Read the data and repeat all of it exactly.

Start of The records

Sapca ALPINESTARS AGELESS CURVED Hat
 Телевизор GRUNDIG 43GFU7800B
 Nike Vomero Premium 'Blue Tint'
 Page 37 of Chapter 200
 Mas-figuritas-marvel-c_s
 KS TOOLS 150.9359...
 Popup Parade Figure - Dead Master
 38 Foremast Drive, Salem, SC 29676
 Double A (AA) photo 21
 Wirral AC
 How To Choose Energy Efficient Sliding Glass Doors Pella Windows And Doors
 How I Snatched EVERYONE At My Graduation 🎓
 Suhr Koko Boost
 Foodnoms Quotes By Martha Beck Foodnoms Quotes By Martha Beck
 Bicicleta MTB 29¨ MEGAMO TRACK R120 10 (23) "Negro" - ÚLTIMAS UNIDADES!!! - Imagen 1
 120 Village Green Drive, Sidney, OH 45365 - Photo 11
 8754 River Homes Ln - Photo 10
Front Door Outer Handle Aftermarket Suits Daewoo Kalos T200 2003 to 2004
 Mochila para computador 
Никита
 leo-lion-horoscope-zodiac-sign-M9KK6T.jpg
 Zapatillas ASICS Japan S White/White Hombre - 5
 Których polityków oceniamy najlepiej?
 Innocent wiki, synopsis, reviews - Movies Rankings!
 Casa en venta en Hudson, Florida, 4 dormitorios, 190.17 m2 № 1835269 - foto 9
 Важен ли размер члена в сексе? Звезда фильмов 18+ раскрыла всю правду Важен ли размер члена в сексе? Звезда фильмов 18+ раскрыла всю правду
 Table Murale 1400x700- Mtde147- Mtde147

End of The records

Task result
Sapca ALPINESTARS AGELESS CURVED Hat
 Телевизор GRUNDIG 43GFU7800B
 Nike Vomero Premium 'Blue Tint'
 Page 37 of Chapter 200
 Mas-figuritas-marvel-c_s
 KS TOOLS 150.9359...
 Popup Parade Figure - Dead Master
 38 Foremast Drive, Salem, SC 29676
 Double A (AA) photo 21
 Wirral AC
 How To Choose Energy Efficient Sliding Glass Doors Pella Windows And Doors
 How I Snatched EVERYONE At My Graduation 🎓
 Suhr Koko Boost
 Foodnoms Quotes By Martha Beck Foodnoms Quotes By Martha Beck
 Bicicleta MTB 29¨ MEGAMO TRACK R120 10 (23) "Negro" - ÚLTIMAS UNIDADES!!! - Imagen 1
 120 Village Green Drive, Sidney, OH 45365 - Photo 11
 8754 River Homes Ln - Photo 10
Front Door Outer Handle Aftermarket Suits Daewoo Kalos T200 2003 to 2004
 Mochila para computador 
Никита
 leo-lion-horoscope-zodiac-sign-M9KK6T.jpg
 Zapatillas ASICS Japan S White/White Hombre - 5
 Których polityków oceniamy najlepiej?
 Innocent wiki, synopsis, reviews - Movies Rankings!
 Casa en venta en Hudson, Florida, 4 dormitorios, 190.17 m2 № 1835269 - foto 9
 Важен ли размер члена в сексе? Звезда фильмов 18+ раскрыла всю правду Важен ли размер члена в сексе? Звезда фильмов 18+ раскрыла всю правду
 Table Murale 1400x700- Mtde147- Mtde147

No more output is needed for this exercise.